Working at scale I am constantly aware of how much we decide upfront. Before it gets anywhere near a team a lot of time goes into looking at what it is, what will change and who will be involved. In some cases, whole designs are considered before a team even see's it.
On the face of it, there is good reason. It costs a lot of money to build things: better make sure it will give a good return. Things taking longer costs even more: better make sure we know what we are getting into. It takes a lot of people to build stuff: better make sure we know who is involved so we can make sure they can actually make it.
We loose something important in doing this - our competitive edge. Every week we take in understanding the risk and cost is another week our customers don't have our product and our competitors have a window of opportunity.

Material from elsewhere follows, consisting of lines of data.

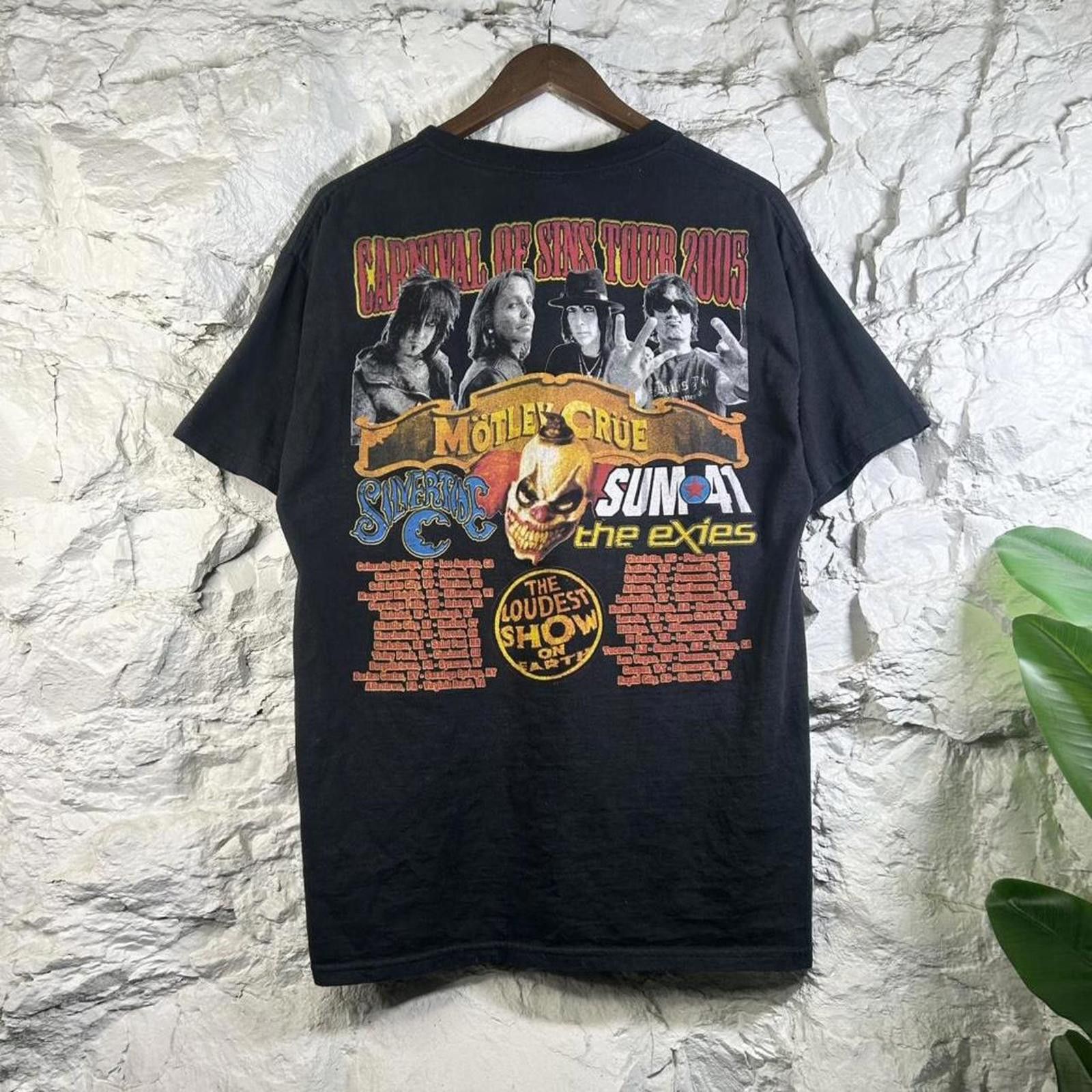 Other 2005 Motley Crue Sum 41 Carnival Of Sins Tour T-shirt Size US L / EU 52-54 / 3 - 3 Thumbnail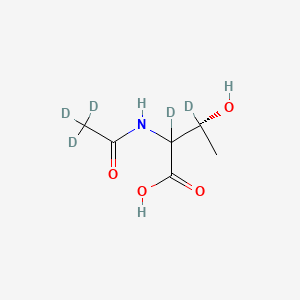 molecular formula C6H11NO4 B12387397 Acetyl-L-threonine-d5 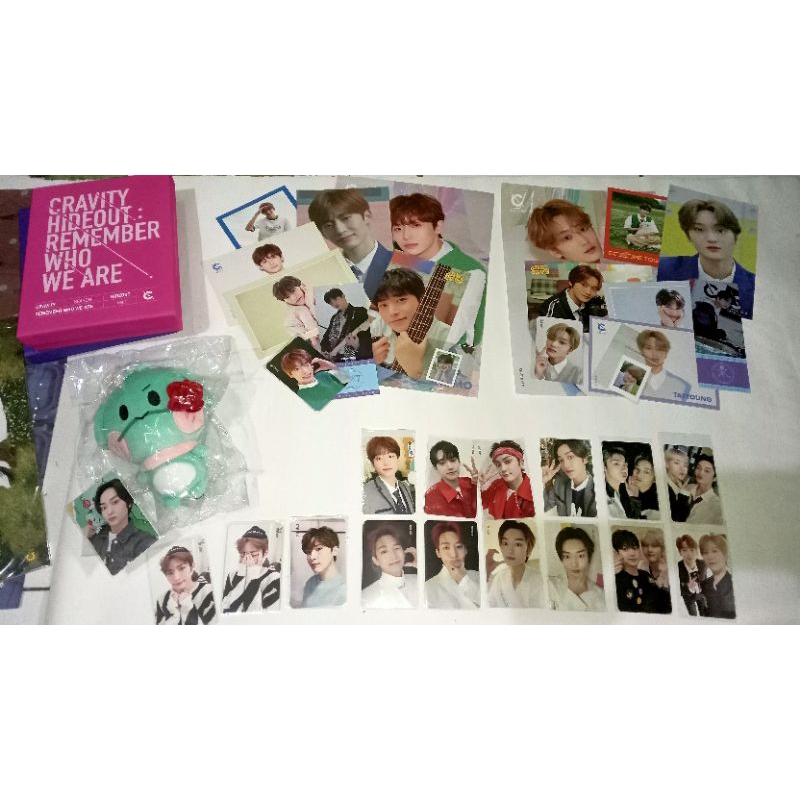 [SALE] All About Cravity, album only pc photocard postcard doll ccrew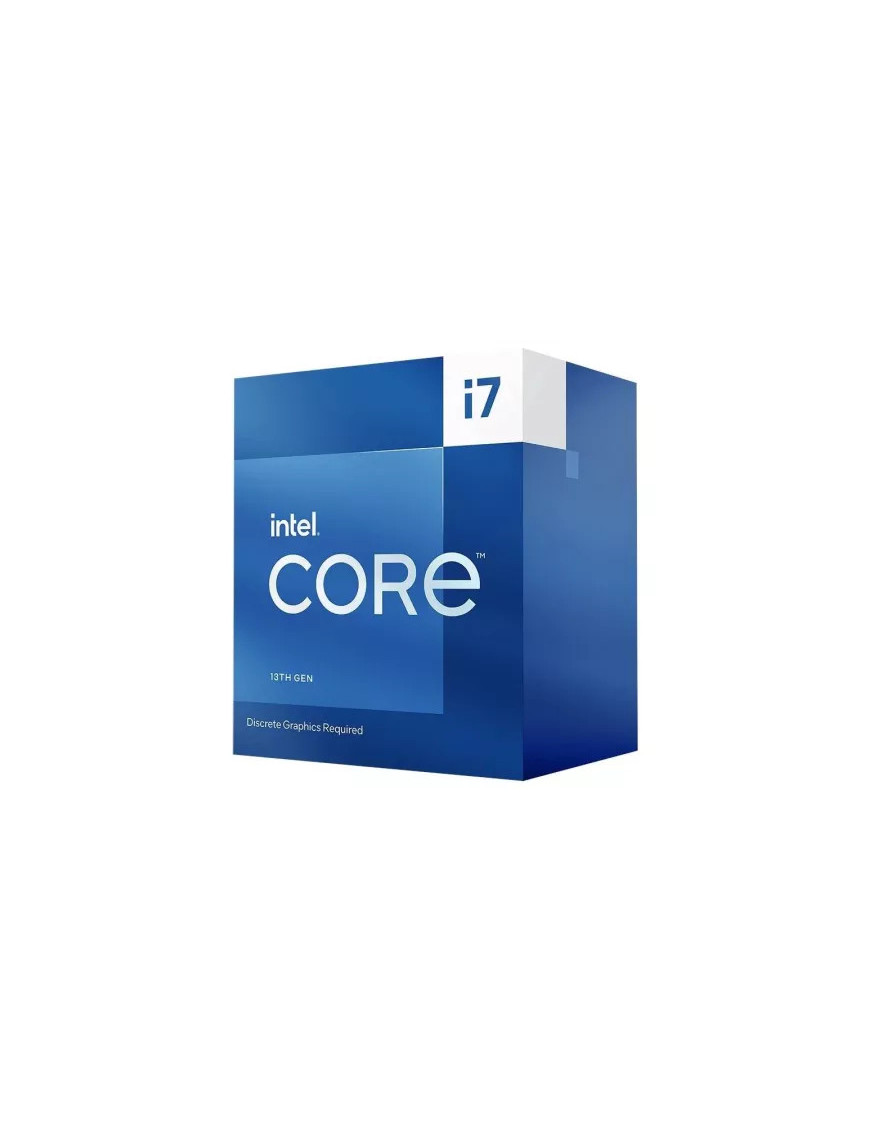 Procesor Intel Core i7-13700F 13th Gen Raptor Lake, 16 nuclee, 24 fire, până la 5.2GHz, LGA1700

Working with teams, I am aware of how much we assume. We build architectures based on our understanding at the time, which often include a lot of assumptions. I like assumptions because we can actually prove them out - but we usually don't.

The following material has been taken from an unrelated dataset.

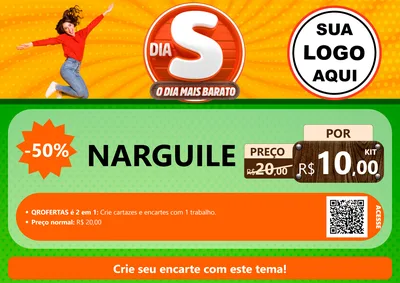 Modelo de Cartaz para Cartaz A4 Horizontal com o tema Dia S - O Dia Mais Barato para Tabacaria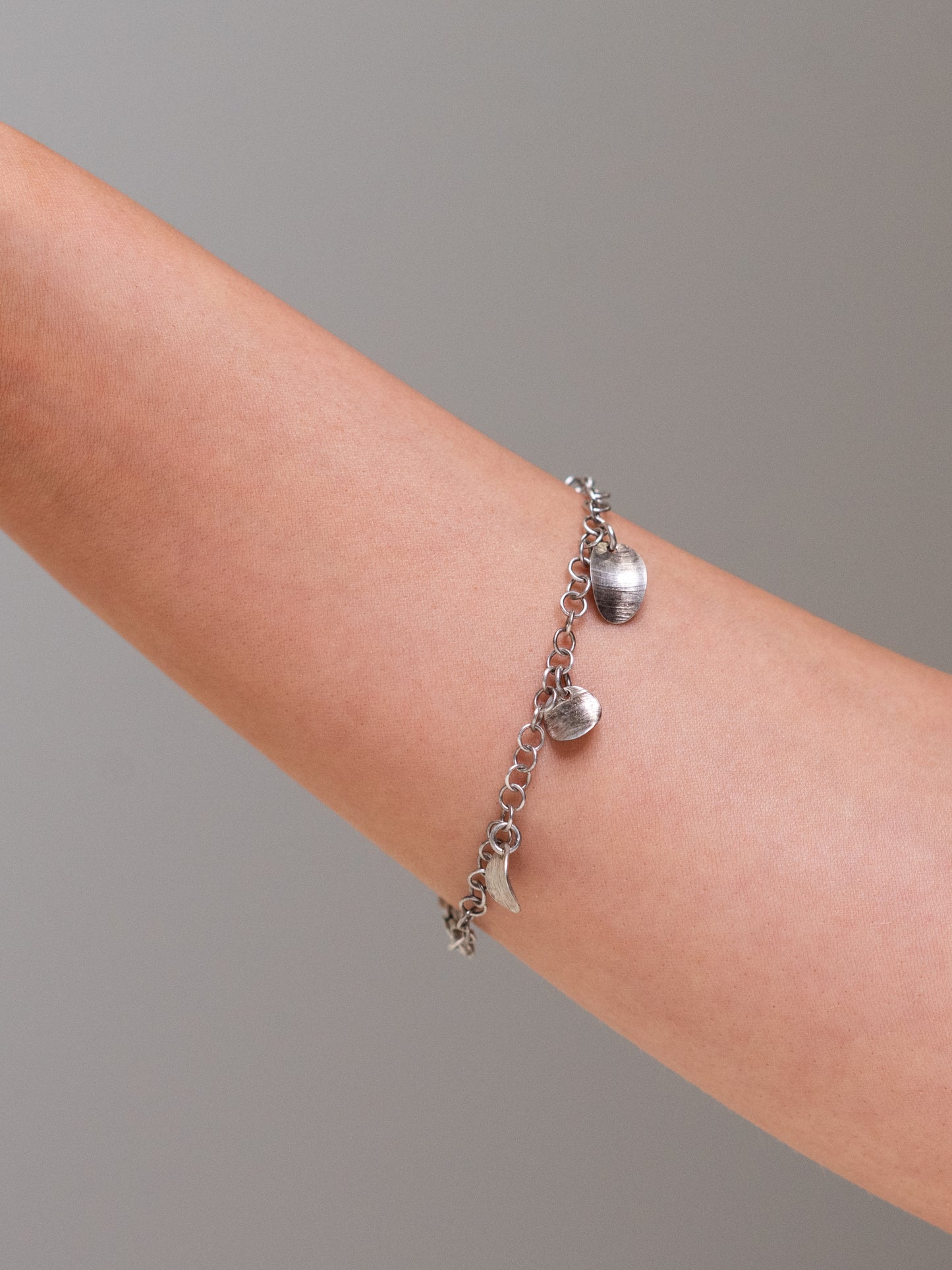 Vintage Silver Charm Bracelet by GHA - Sweden, 1960's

We often build more that we actually need since we don't or can't prove out these assumptions. After a while of a service running, I have seen teams reduce the system in lots of different ways. This can sometimes be by removing caches, services that store data or using different scaling patterns that we discover over time.

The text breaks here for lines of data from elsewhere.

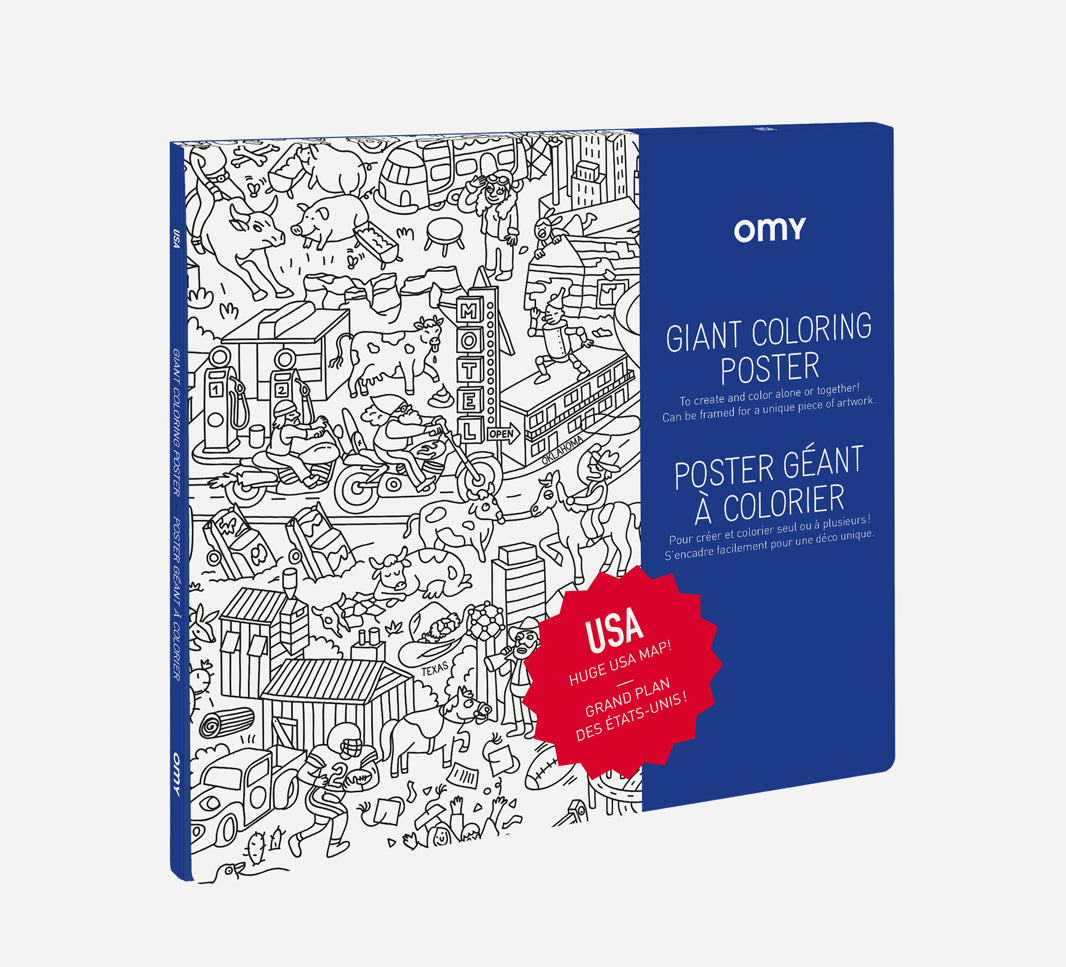 Giant Coloring Poster - USA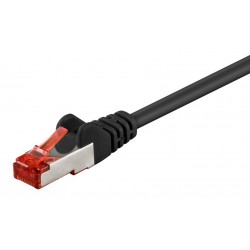 GOOBAY καλώδιο δικτύου 68693, CAT 6 S/FTP, copper, 250MHz, 1m, μαύρο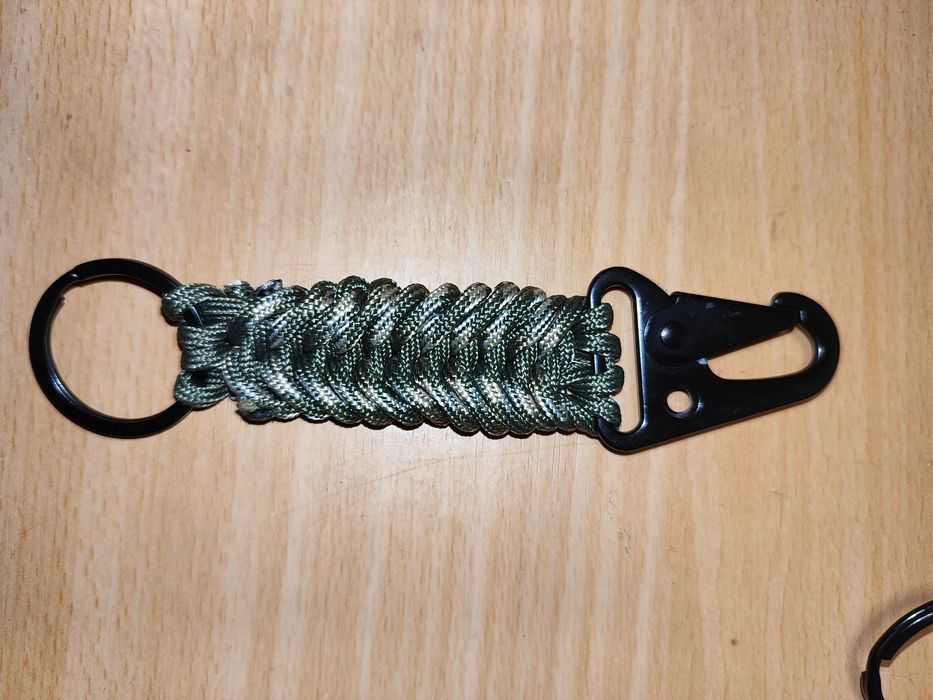 Porta chaves Paracord com gancho personalizado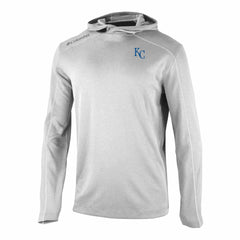 Kansas City Royals Columbia Omni-Wick Shotgun Pullover Hoodie - Gray - Columbia Discount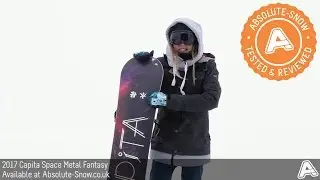 2016 / 2017 | Capita Space Metal Fantasy Snowboard | Video Review
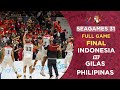 New History For Gold Medal..Highlight Men 5x5: Gilas Philipinas - Indonesia |Basketball Sea Games 31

We would benefit massively from building something small because we can see how it responds in the real world. We get feedback using monitoring and telemetry to understand what is going on and we can make better decisions on it's design and architecture based on that information.
But we need to start somewhere...... so how about we just focus on getting this data in the easiest way we can.
Imagine we took our best guess at an architecture that would suit our intended audience and built the services and deployed them. We make sure we add no logic whatsoever, only the bare minimum to allow the system to interact and we focus only on the monitoring and telemetry.
We can then load test this in a live environment and we could call this a 'best case' system. Without the logic this is the fastest it could operate - anything we add will slow it down. See it as an extreme case, where we are looking at the skinniest skeleton we could possibly get away with.
We can load the system and see what happens. We could also introduce waits in areas we can anticipate more logic and see what happens under load. We can add more monitoring where we have poor visibility. We can stub 3rd parties and make them 'misbehave' to see what happens.
Since there is not much too this, we can quickly move things around and see what happens and fix problems we can see - essentially we searching for a baseline test that we are happy with before we add anything else. We can easily remove things that don't have a measurable impact in the scenarios we are testing.
Since we don't have an logic there is no need for unit tests, meaning changes can be quick. As it does not do anything and contains/accesses no data, it is benign in a live environment so should not constitute a security risk either.
When we do start to add logic, we have a baseline we can compare to and a suite of tests that we use to monitor KPIs that we can actually monitor from the beginning. We also have an architecture that is better than a guess - it's already got some data to support why this is the right place to start.
I call this Telemetry Biased Design but it just sounds like a cool way of making sure you starting with just the right amount of architecture to solve the problem you have.
In full disclosure: at time of writing, I have never tried this. I am no longer an engineer and I work with smart people who get things done in their own way. It's just an idea.